Arizona's School Buildings Waste Energy


By almost two to one, Americans favor adequate funding for education. We support funding for classrooms, funding for teacher salaries, funding for athletics, funding for new school construction. But we do not support wasting millions of dollars each year through energy inefficiency.

Arizona's school buildings waste energy.


Jeff Hatch-Miller

With rising energy prices, schools have begged the Arizona Corporation Commission, on which I serve, and the state Legislature for relief from their energy bills. Yet, when questioned about their energy conservation efforts they admit that, statewide, very little is being done.

Many of Arizona's older schools are in need of significant energy conservation improvements. Sadly, even our newest schools are typically designed to meet only the minimum building codes. This choice to minimize initial construction costs leads to higher, ongoing electric and water utility bills forever. These unnecessarily high bills are paid by taxpayers in the form of higher property taxes. You pay the price, and our children and teachers suffer.

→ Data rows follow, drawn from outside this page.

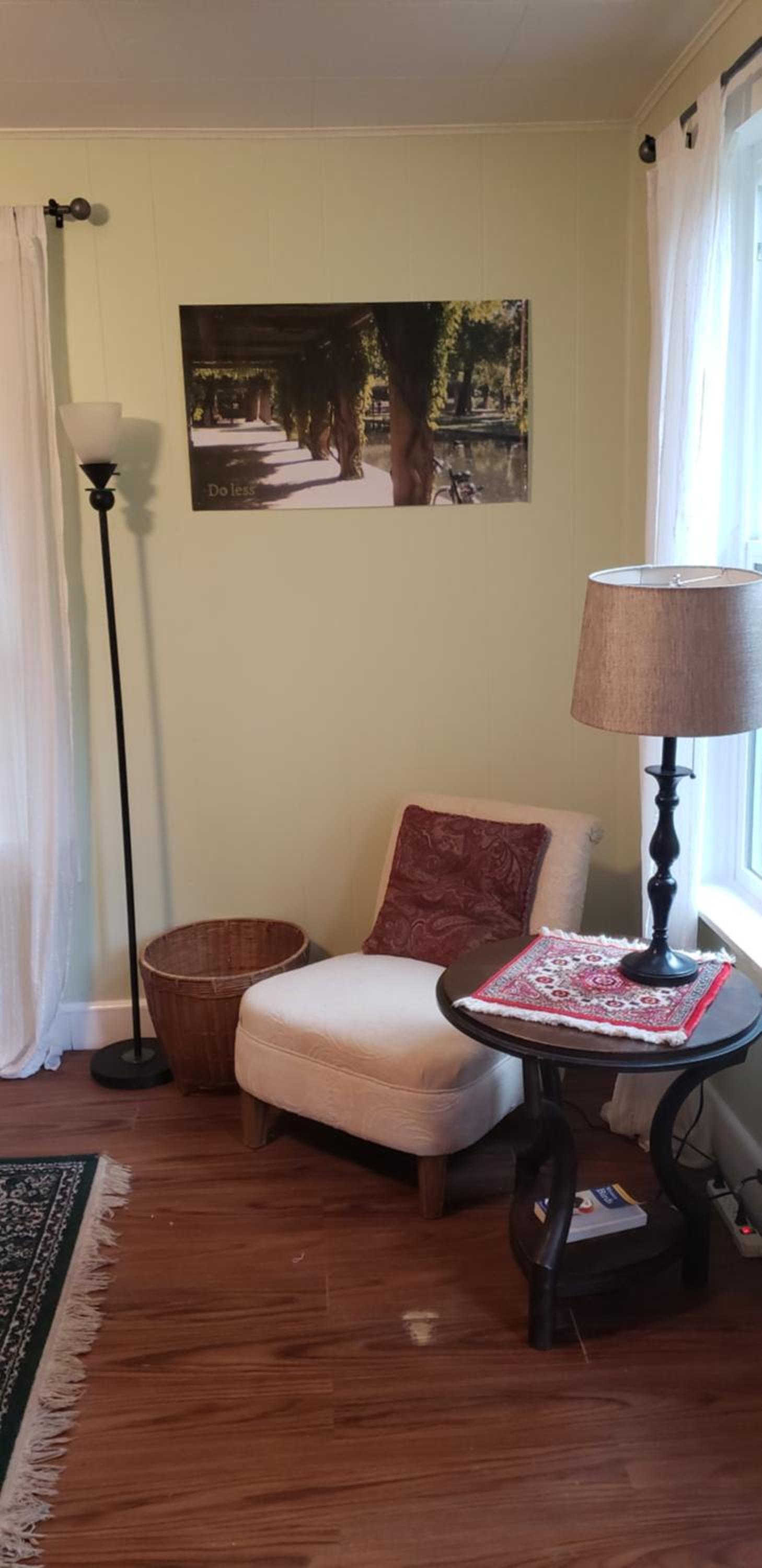 Three-Bedroom House photo 3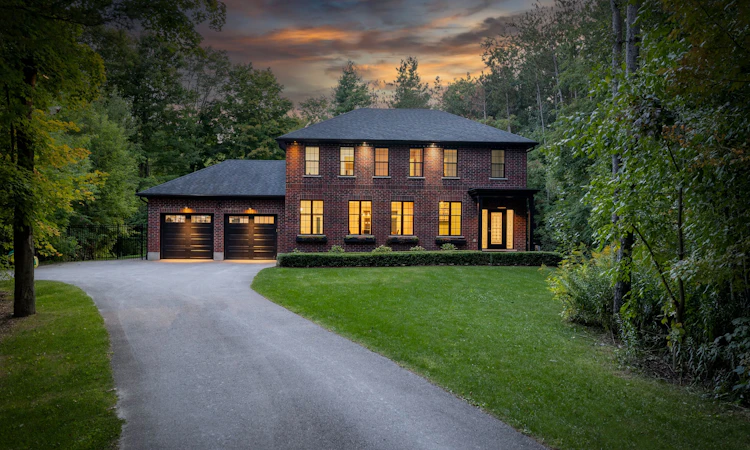 4498 Concession 11 Road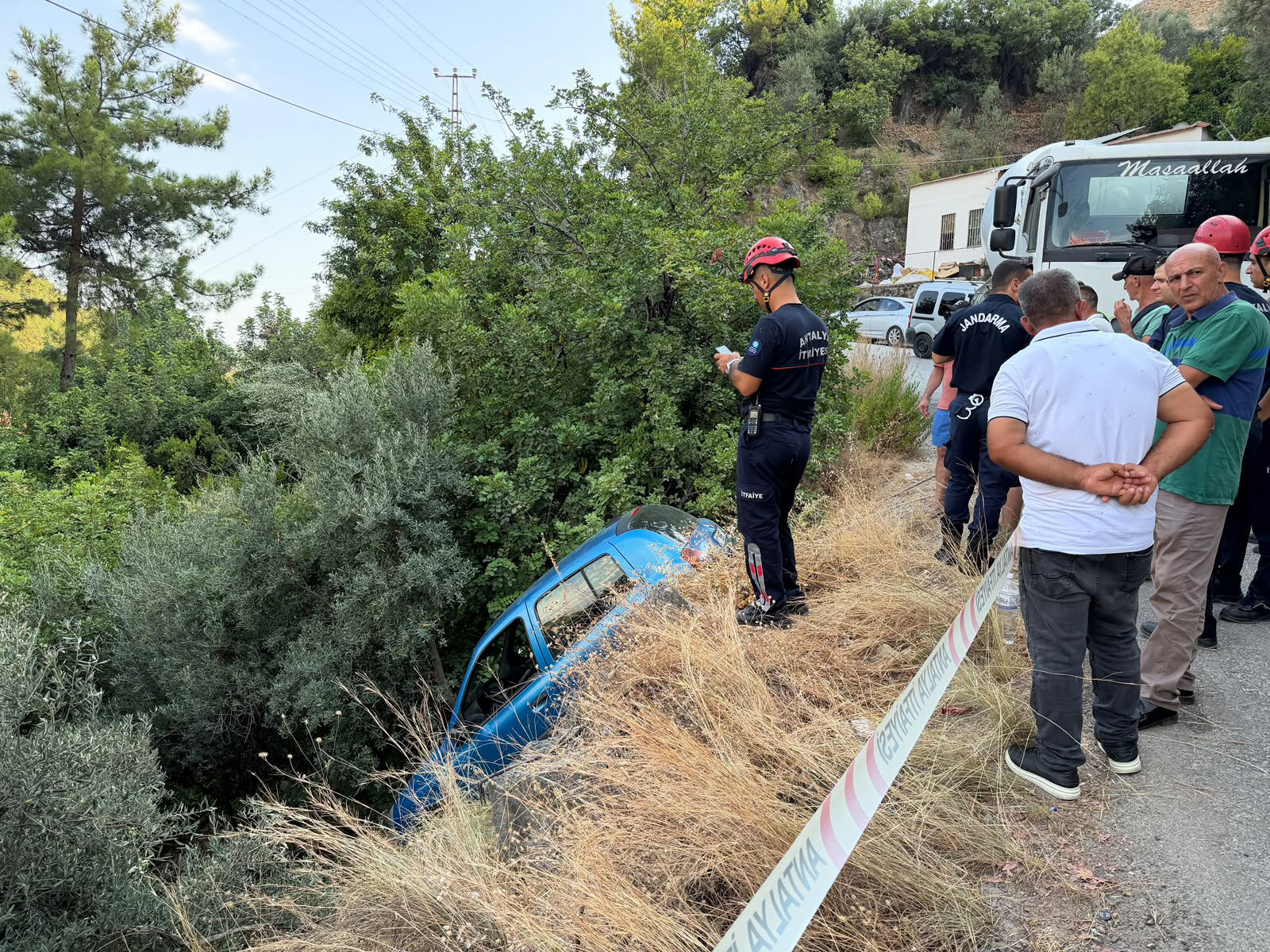 Alanya'da otomobil şarampolde düştü: Sürücü hafif yaralandı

Millions of students across the country learn in unfavorable conditions. Various studies show that poor conditions in the classroom, such as poor air ventilation and lighting quality, lead to increased illness, absenteeism and decreased student achievement.

Consider the following facts from Energy Star and the Alliance to Save Energy:

• America's K-12 school annual energy bill is a staggering $6 billion -- more than is spent on textbooks and computers combined,

  • The least efficient schools use three times more energy than the best energy performers, and
  • Top-performing schools cost forty cents per square foot less to operate than the average performers.

We all want our schools to succeed. One way to accomplish this is to provide our schools with the means to design classrooms to be more energy efficient.

Fortunately, Arizona has taken some important first steps to correct these problems. Thanks to the state Legislature and the governor, House Bill 2496 became law. It allows school districts to partner with their utility companies to make investments in cost-effective energy measures.

Schools can tap these funds for better lighting, high efficiency heating and air conditioning systems, and energy efficient building design. These investments typically pay for themselves in five to seven years. After that, the saved energy is free.

Reducing energy use is an effective way to help cash-strapped schools direct more money into classrooms, while helping utilities lessen their need to build more power plants and transmission lines. Pursuing energy efficiency in our schools creates a better environment for learning, and conserves our natural resources for future generations.

As an elected member of the Arizona Corporation Commission, I will continue these efforts. I will push the Arizona's School Facility Board to release the funds for more energy- and water-efficient schools and insist that our utilities make school energy savings a priority.

-- Jeff Hatch-Miller serves on the Arizona Corporation Commission and served as a member of the Arizona House of Representatives.